Staging for BigQuery - DSS 6 | Data Source Solutions Documentation

Documentation: Staging for BigQuery - DSS 6 | Data Source Solutions Documentation

Staging for BigQuery

Data Source Solutions DSS stores/stages data in a temporary directory (staging file) before loading it into the target BigQuery location during Burst Integrate and Bulk Refresh. For more information about staging files on BigQuery, refer to Google BigQuery documentation.

The following outlines how DSS implements staging for BigQuery:

  1. DSS first writes data into the staging directory on Google Cloud Storage. Since 6.2.5/1, the staging files can be stored in CSV or Parquet format.

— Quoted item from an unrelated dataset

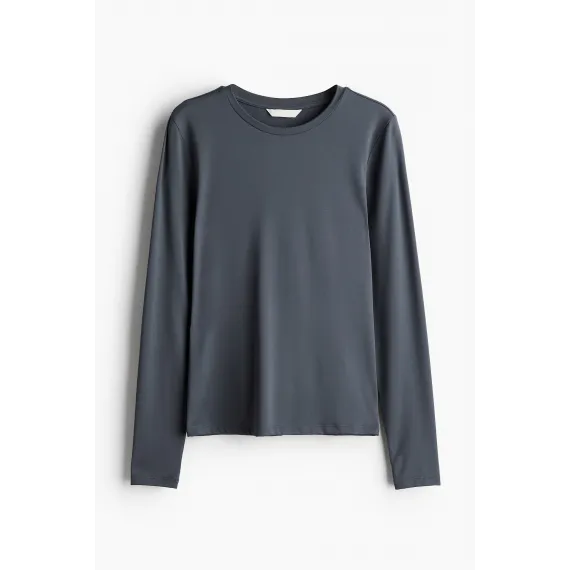 Верх микроволоконный длинный рукав H&M, Цвет: Серый, Размер: S, изображение 5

Known issues with CSV and Parquet: - Dates and timestamps before year 1583 can be replicated incorrectly due to the shift from the Gregorian to the Julian calendar. - TIMESTAMP WITH TIMEZONE values with fractional seconds in years before 1698 or after 2242 may be reported as mismatches by Compare due to a rounding error during data querying. - Parquet timestamps are interpreted as UTC. For replication to work correctly, ensure the replication environment uses UTC by setting the environment variable TZ=UTC. You can define this environment variable using the action Environment.

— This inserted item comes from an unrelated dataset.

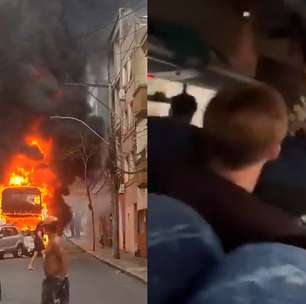 Ônibus de excursão pega fogo após perder freio em Porto Alegre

2. DSS then uses the BigQuery SQL command `INSERT INTO` to ingest data into the BigQuery target tables from the staging directory. - To ingest data into BigQuery target, DSS pulls the compressed data from the staging directory (located on Google Cloud Storage) into a target table. A special 'external table' needs to exist for each target table that DSS loads data into. DSS will create these tables in BigQuery with names having the following patterns **\_ \_x** or **\_ \_bx**.

Configuring Staging

Setting up staging on Google Cloud Storage (GCS) requires configuring both the GCS environment and DSS.

Prerequisites

  • A GCS location (bucket) to store staging files. For more information about creating and configuring a GCS bucket, refer to the GCS documentation.

  • A Google Cloud user (storage account) to access the GCS bucket.

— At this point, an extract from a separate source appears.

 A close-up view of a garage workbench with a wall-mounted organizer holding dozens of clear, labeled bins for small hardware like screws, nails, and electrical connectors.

  • Configure permissions required on GCS and BigQuery. For more information, refer to the Google BigQuery documentation.

DSS Location Configuration

To connect DSS to GCS, define the following location properties when creating a BigQuery location.
For an existing BigQuery location, you can define these properties by editing the location's source and target properties.

The Location Property equivalent to the UI field is shown in parentheses below.

  1. In the STORAGE drop-down menu (File_Scheme), select the protocol for connecting DSS to Google Cloud Storage:

    • Google Cloud Storage (HTTPS)
    • Google Cloud Storage (HTTP)
  2. In the BUCKET field (GS_Bucket), enter the name of the GCS bucket.

  3. In the STAGING DIRECTORY field (Staging_Directory), specify the path to the directory where DSS will create temporary staging files within the GCS bucket (e.g. /my_staging_dir).

  4. Since 6.2.5/1, in the STAGING FILE FORMAT drop-down menu (Staging_File_Format), select the format for storing the staging files:

    • CSV

Known issues with CSV: TIMESTAMP WITH TIMEZONE values with fractional seconds in years before 1698 or after 2242 may be reported as mismatches by Compare due to a rounding error during data querying.

- **Parquet**

Known issues with Parquet: - Dates and timestamps before year 1583 can be replicated incorrectly due to the shift from the Gregorian to the Julian calendar. - TIMESTAMP WITH TIMEZONE values with fractional seconds in years before 1698 or after 2242 may be reported as mismatches by Compare due to a rounding error during data querying. - Parquet timestamps are interpreted as UTC. For replication to work correctly, ensure the replication environment uses UTC by setting the environment variable TZ=UTC. You can define this environment variable using the action Environment with parameters Name=TZ and Value=path_to_directory.